My idea was to use rmultinom to generate these samples.
rmultinom(n=50,size=3,prob=c(0.5,0.2,0.3))
Now I get 50 randomly (?) Chosen samples, but I Need all possible combinations when I take 50 samples with replacement.
If I'm understanding you correctly, the probabilities you're after can be calculated analytically.
My sense is that you want to treat all draws with the same numbers of 1s, 2s, and 3s as equivalent (see below if not). That is, 49 straight 1s followed by a 2 counts as the same 50-draw "outcome" as a 2 followed by 49 straight 1s.
In that case, what you're looking for is the value of the multinomial probability mass function evaluated for (p1 = 0.5, p2 = 0.2, p3 = 0.3) and at counts c1, c2, and c3, of 1s, 2s, and 3s (these should sum to 50). You can evaluate the multinomial PMF in R as:
counts = c(c1, c2, c3)
myProbs = c(0.5, 0.2, 0.3)
dmultinom(x = counts, prob = myProbs)
Now all that remains is to enumerate the all the possible combinations of 1s, 2s, and 3s that can occur in 50 draws.

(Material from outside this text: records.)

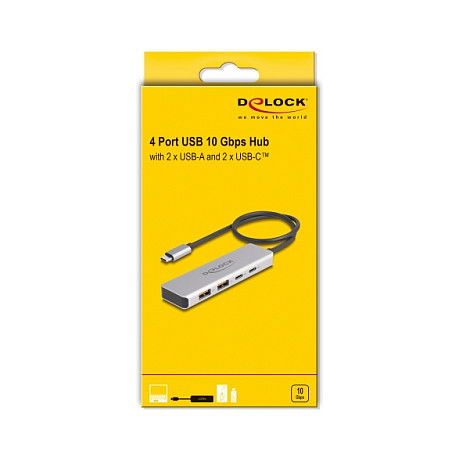 DeLOCK Hub USB-C 4 Puertos 10 Gbps, 2x USB-A y 2x USB-C 3.2 Gen 2, Aluminio Gris, Cable 35 cm (Plug & Play, Windows/Mac/Linux)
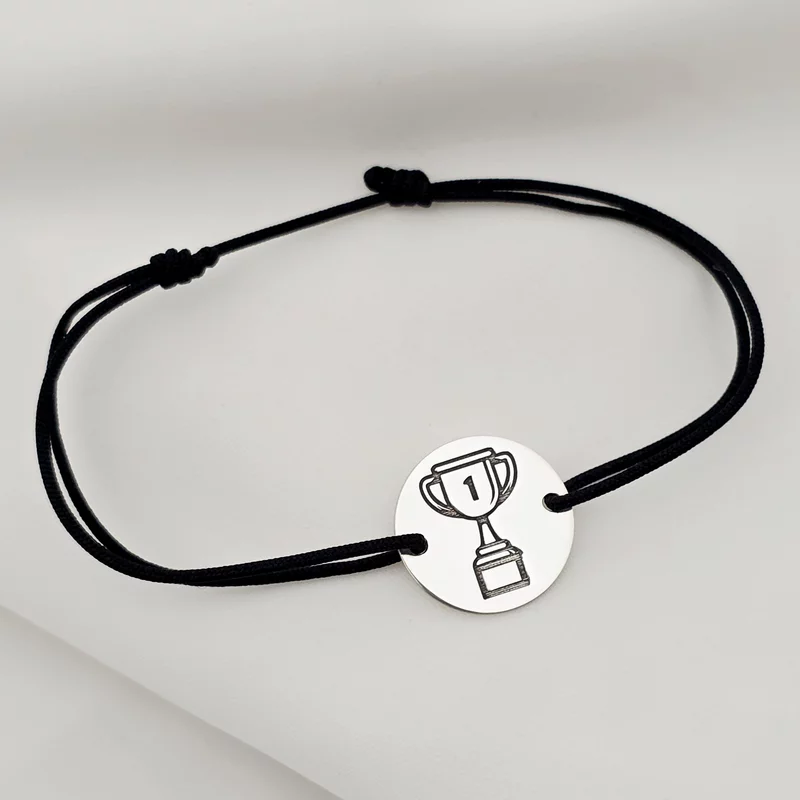 Bratara banut - Cupa gravata - Argint 925, snur negru picture - 3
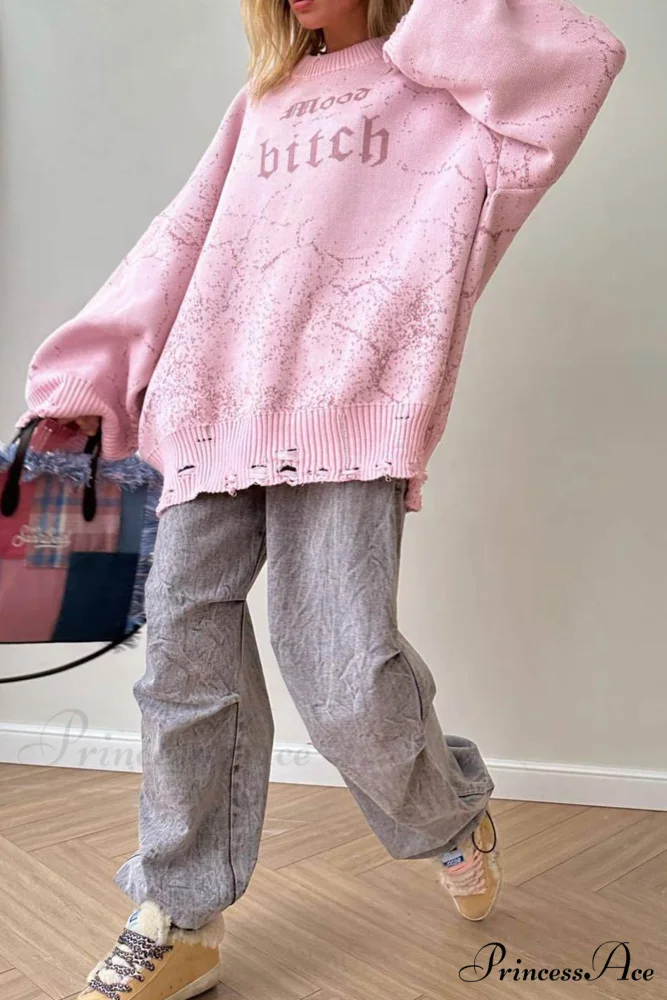 Embroidered Distressed Pullover Sweater - Image 9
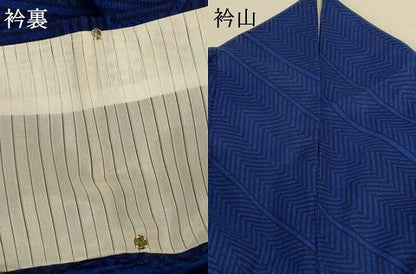 平和屋着物＊夏物 小紋 絽 幾何学文様 洗える着物 AABH2495jd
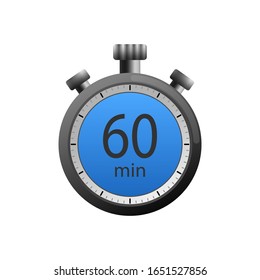 Icon of a timer with 60 (sixty) minutes on the white background. Vector illustration.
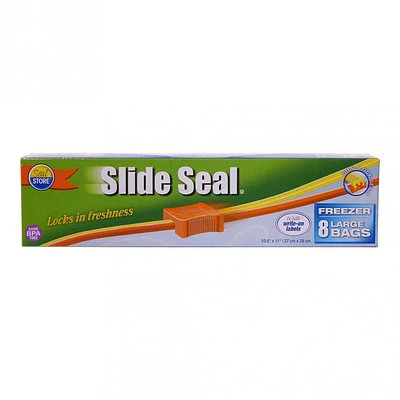 Large Size Slide Seal Freezer Bags 8PK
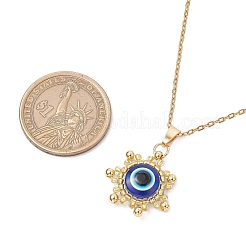 Стеклянные бусины и ожерелья из смолы с подвесками в виде солнца от сглаза NJEW-MZ00099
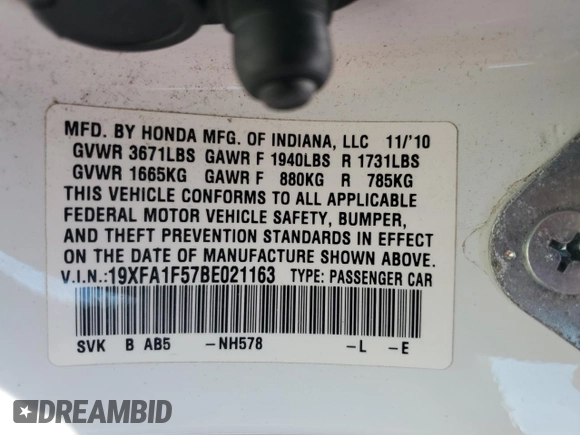2011 Honda Civic LX with VIN 19XFA1F57BE021163, listed as a Copart auction lot 55912685 with 196,744 mi miles and Non Repairable. Bid and sale history available at DreamBid. Image 12.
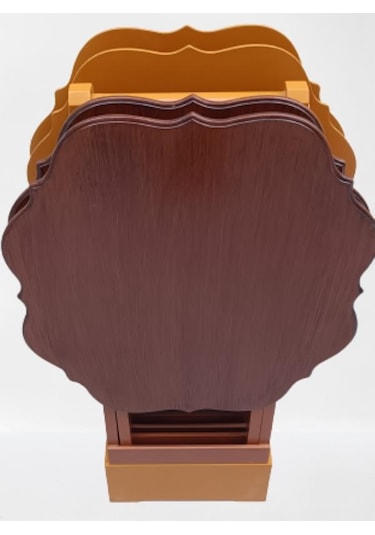 1448bng90085çanta Zigon Sehpa Yonca Dörtlü Model Ahşap Mdf Ceviz Ve Hardal Renk Uyum El Yapım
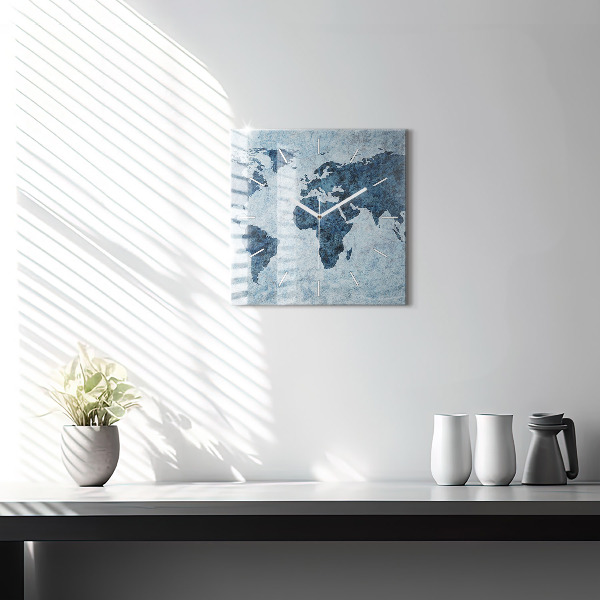 Štvorcové hodiny Maľovaná mapa sveta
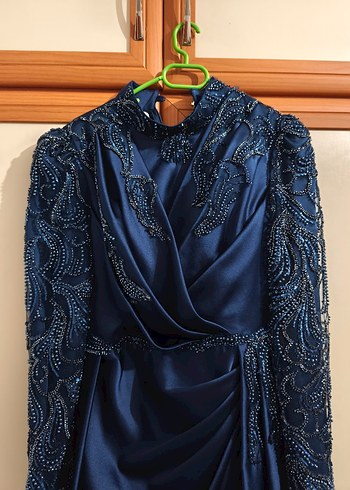 Pınar Şems Akra Lacivert Uzun Abiye Elbise - Görsel 5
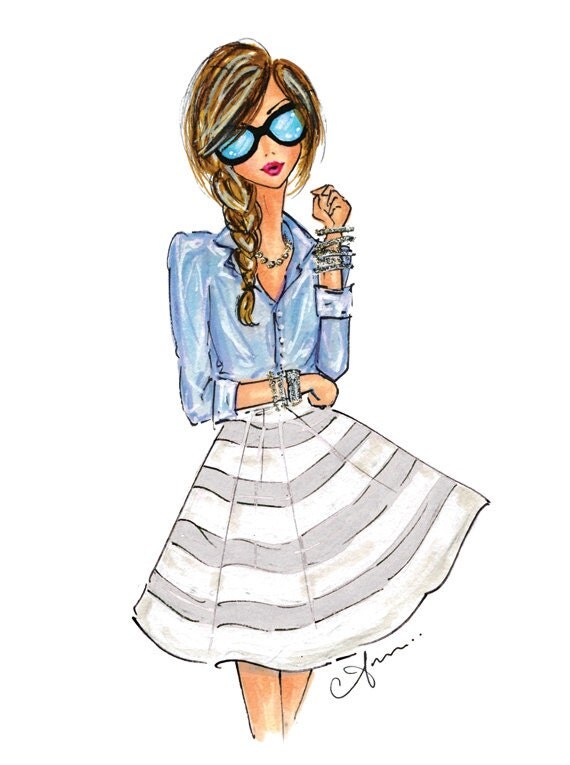 fashion illustration prints fashion illustration print chambray and stripes fashion illustration prints fashion illustration print chambray and stripes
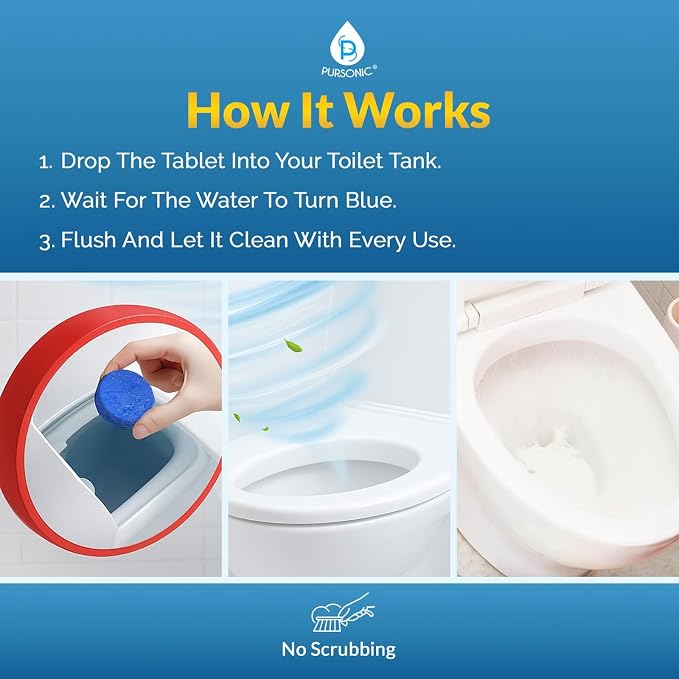 Automatic Toilet Bowl Cleaner Tablets Blue Gel Toilet Tank Cleaners, - Image 5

Calling the function nsimplex(3,50) (from the combinat package) tells us that there are 1326 of these, and calling the function xsimplex(3,50) (found in the same package) will generate them for us in matrix form. Here are the first five of the 1326 columns:
[,1] [,2] [,3] [,4] [,5]
[1,] 50 49 49 48 48
[2,] 0 1 0 2 1
[3,] 0 0 1 0 1
We then simply need to evaluate dmultinom for each column, using apply column-wise:
mySimplex = xsimplex(3, 50)
myProbs = c(0.5, 0.2, 0.3)
results = apply(mySimplex, 2, dmultinom, prob = myProbs)
The nth entry in the vector results will be the probability of the counts in the nth column of the matrix mySimplex.
Was this what you were after?
Distinct permutations: If you want to count distinct permutations differently, then the probability of any individual permutation is just:
0.5^(c_1) * 0.2^(c_2) * 0.3^(c_3)
where c_1 is the number of 1s, c_2 the number of 2s, and c_3 the number of threes in the draw. But if you're looking to enumerate all of them, you might want to think again! The number of possible unique length-50 sequences in which each character is a 1, a 2, or a 3 is 3^50 > 10^23.